İttifaklarla ayrışan siyaset
Siyasetten anlamadığımı bu yazıda ispatlamaya çalışmayacağım. Siyaset okumalarım için insanlara zaman veririm. Yine bir seçim sath.ı mayilindeyiz. Tabir yanılmıyorsam Demirel'e ait. Hayli "kaygan bir zemin". Bugün bu kaygan zeminden söz edeceğim. 1 Nisan Pazartesi'yi sayısal hesaplar üzerinden okuyanlar okuyadursunlar. Bizim memlekette siyasetten anlamanın karşılığı "sonuçları tahmin etme" ve "nasıl bir taktik izlenirse hangi sonuçlar alınır" şeklinde kendi içinde ikiye ayrılır. Kısaca siyaset, toplumun ve ülkenin sorunları ve ihtiyaçları için çözüm üretmek seçim de bu üretimi yapmaya aday olanların doğal süreçte görevlendirilmesi şeklinde de tanımlanabilir.
Bizim memleket, demokrasiyi sonradan gördüğü için midir bilmem seçimleri çok sevdi. 90'lar, koalisyonların kısa ömürlü hükumetleriyle ve erken seçim kararları ile çok yorgun düşmüştü. Üç aylık ömrü olan hükumetler gördük. Başkanlık sürecini tartıştığımız günlerin önemli argümanlarından biri de bu istikrarsız dönemlerdi.
Bugünkü görevim, bizi 31 Mart'a hazırlayan koşulları hatırlatmak. 2014 Cumhurbaşkanlığı Seçimleri, 2015'te iki genel seçim.

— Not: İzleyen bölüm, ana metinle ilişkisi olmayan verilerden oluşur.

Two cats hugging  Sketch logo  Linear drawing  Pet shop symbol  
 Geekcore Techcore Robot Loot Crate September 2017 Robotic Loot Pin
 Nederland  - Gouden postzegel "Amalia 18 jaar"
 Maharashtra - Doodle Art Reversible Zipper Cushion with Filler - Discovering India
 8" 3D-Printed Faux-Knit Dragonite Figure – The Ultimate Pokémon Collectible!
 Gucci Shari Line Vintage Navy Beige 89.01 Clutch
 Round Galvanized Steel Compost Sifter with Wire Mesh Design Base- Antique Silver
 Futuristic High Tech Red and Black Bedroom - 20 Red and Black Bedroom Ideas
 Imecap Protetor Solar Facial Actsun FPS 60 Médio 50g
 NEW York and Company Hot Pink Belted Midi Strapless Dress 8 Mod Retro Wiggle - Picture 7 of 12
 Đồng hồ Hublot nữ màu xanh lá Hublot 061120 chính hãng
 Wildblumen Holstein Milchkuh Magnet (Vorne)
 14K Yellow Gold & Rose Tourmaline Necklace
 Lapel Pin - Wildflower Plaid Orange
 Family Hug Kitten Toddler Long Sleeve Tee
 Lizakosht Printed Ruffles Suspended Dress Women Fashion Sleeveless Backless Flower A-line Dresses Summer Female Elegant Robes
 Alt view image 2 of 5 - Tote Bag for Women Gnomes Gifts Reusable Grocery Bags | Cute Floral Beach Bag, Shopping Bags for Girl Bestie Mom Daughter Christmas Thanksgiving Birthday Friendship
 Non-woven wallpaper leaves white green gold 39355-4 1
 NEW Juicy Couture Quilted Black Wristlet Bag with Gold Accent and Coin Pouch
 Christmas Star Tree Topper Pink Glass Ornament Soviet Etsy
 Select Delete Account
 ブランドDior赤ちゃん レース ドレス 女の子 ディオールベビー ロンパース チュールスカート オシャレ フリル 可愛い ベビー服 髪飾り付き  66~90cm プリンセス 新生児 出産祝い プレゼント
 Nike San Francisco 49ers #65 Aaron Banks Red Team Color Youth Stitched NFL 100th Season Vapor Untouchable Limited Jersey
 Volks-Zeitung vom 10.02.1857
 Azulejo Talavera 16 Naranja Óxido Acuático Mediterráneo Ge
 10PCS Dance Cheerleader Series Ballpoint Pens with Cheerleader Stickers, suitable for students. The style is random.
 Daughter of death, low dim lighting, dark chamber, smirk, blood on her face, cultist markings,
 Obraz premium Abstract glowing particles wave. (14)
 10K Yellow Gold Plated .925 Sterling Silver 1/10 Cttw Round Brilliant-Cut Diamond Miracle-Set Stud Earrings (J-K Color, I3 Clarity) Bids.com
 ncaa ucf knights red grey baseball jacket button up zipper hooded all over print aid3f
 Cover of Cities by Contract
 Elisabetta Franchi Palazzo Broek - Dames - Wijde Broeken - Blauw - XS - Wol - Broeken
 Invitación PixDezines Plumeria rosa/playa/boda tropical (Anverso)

Haziran'da olağan seçim, özellikle MHP'nin koalisyonlara karşı peşin rezervleri nedeniyle de Kasım seçimleri. 15 Temmuz 2016 sonrası tüm geleneksel davranışları göz ardı etmeye yönelik bir tolerans zemininde MHP ve AKP dirsek teması ve işbirliği ile 2017 Anayasa Referandumu ile seçmenin sandığa çağrılması. Referandum'da alınan sayısal sonucun verdiği imkan ve referandumla kabul edilen yasal kazanımların hayata geçirilmesi gerekçesiyle Haziran 2018 "erken" Genel Seçimleri ve Cumhurbaşkanlığı Seçimi. Yani millet son beş yılda beş kez sandığa gitmiş.
Son beş yılın geleneksel Türk siyasetinden ayrışan yönlerini unutmayalım. Daha önceden de ortak listeler ve seçim ittifakları olduysa da meclise girince her parti kendi grubunda veya parti logoları ile siyaset yapma alışkanlığında idi. Ekmeleddin İhsanoğlu'nun aday olarak önerilmesini ve sürece katılanları hatırlayalım, tatile tutunup sandığa gelmeyen beş-altı milyon seçmen tavrını. Tabela partisi olsa da yıllarca bir dava disiplini ile hareket eden partilerin "ideolojik seçmen" dirençlerini ölçtük bu süreçlerde.
Tutmadı dendi ama sonucu hatırlatayım, Erdoğan 51.79 ile cumhurbaşkanı olmuştu ve seçime katılım oranı yüzde 73.72 idi. 2015 Mayıs seçimlerinde bu oranın 86.64 olduğunu hesap edersek kazananın ve kaybedenin bilebildiği ince çizgi çok aşikar. Bu seçimle birlikte ciddi anlamda iki kutuplu seçim stratejileri de denemiş oldu. Kişisel görüşümü söyleyeyim, Ekmeleddin İhsanoğlu olabilecek en zayıf isimlerden biriydi, CHP bugün de yaptığı siyasi manevranın daniskasını yapmıştı ama isim doğru değildi. Fakat o referandum bile bugün için bir işlev gördü. Kılıçdaroğlu'nun "tıpış tıpış gelecekler" dediği zorlu CHP seçmeni önemli ölçüde ezberini bozdu.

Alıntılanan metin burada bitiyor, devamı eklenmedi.